Reproduce the listing that follows character for character, excluding its pictures.

### DATA TO PROCESS

BEGIN

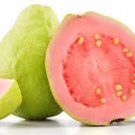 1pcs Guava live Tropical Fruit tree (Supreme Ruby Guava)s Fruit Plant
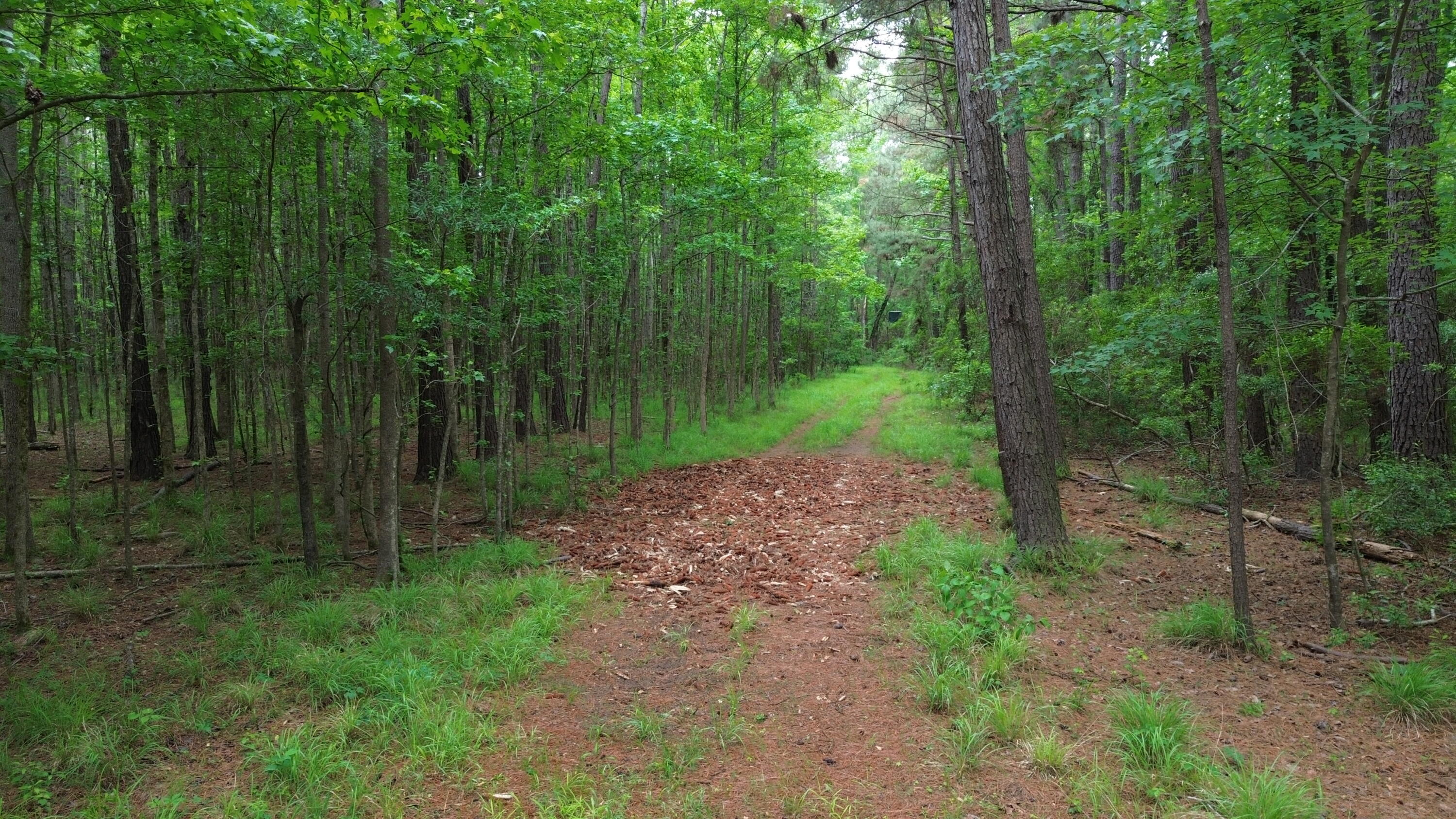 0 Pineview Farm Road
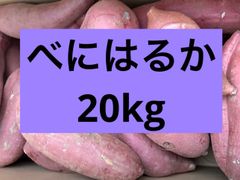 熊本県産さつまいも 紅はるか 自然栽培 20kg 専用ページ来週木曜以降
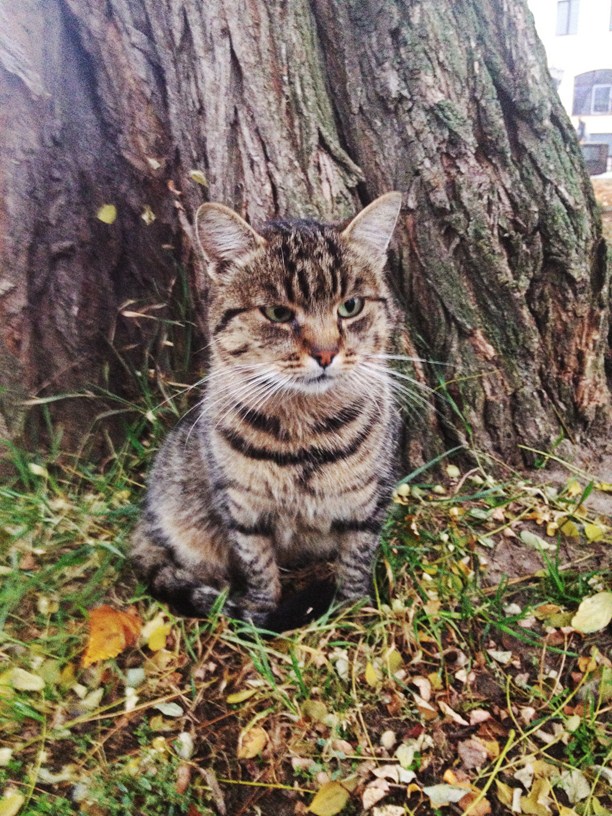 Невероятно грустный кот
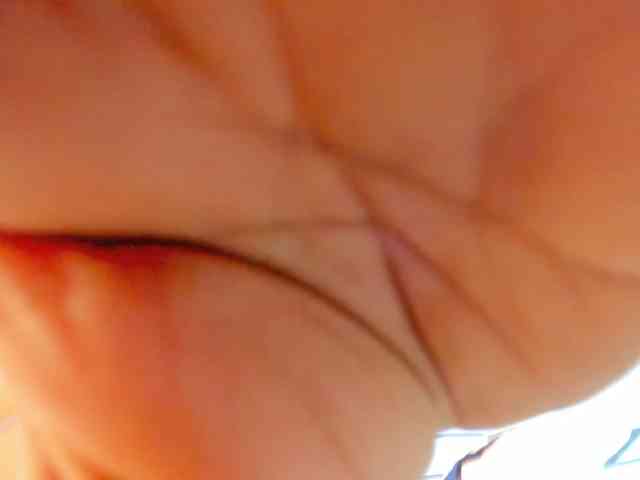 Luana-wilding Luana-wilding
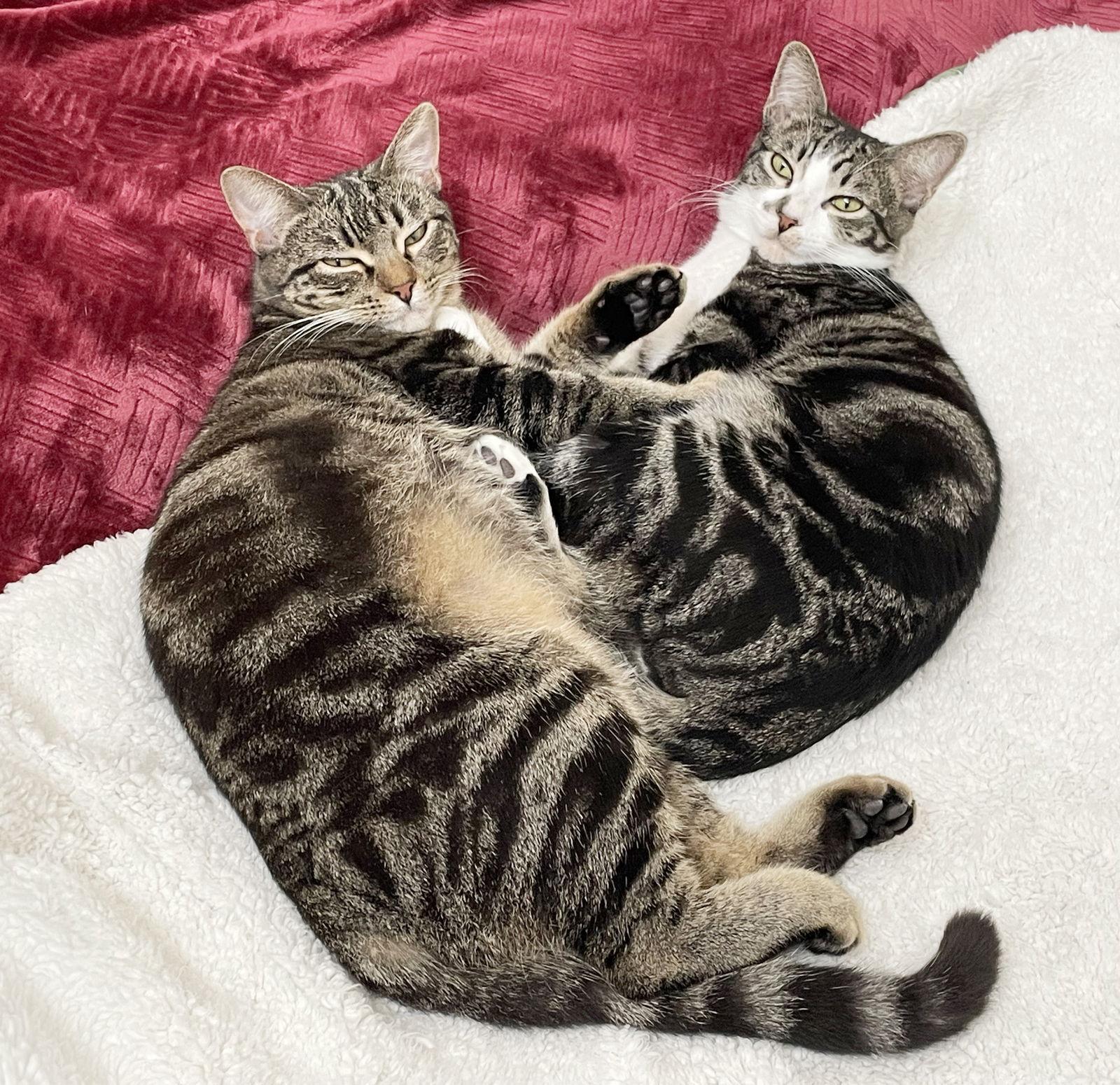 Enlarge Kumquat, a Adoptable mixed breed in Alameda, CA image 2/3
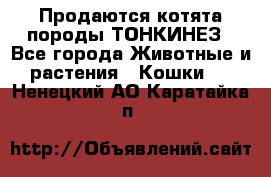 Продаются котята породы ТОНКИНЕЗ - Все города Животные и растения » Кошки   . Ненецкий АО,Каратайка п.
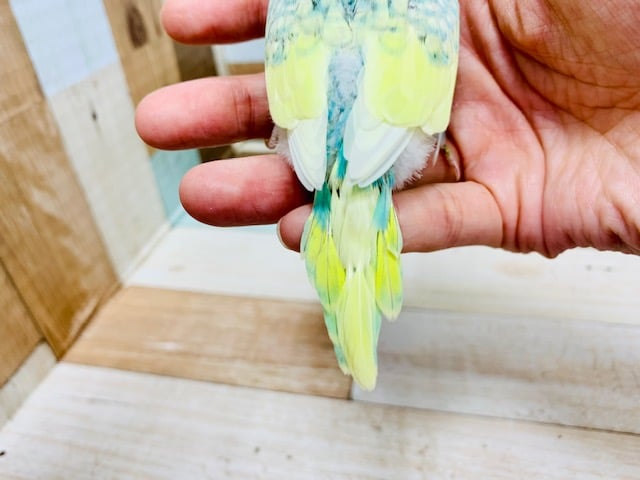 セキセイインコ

END

### COMPLETED TASK
 1pcs Guava live Tropical Fruit tree (Supreme Ruby Guava)s Fruit Plant
 0 Pineview Farm Road
 熊本県産さつまいも 紅はるか 自然栽培 20kg 専用ページ来週木曜以降
 Невероятно грустный кот
 Luana-wilding Luana-wilding
 Enlarge Kumquat, a Adoptable mixed breed in Alameda, CA image 2/3
 Продаются котята породы ТОНКИНЕЗ - Все города Животные и растения » Кошки   . Ненецкий АО,Каратайка п.
 セキセイインコ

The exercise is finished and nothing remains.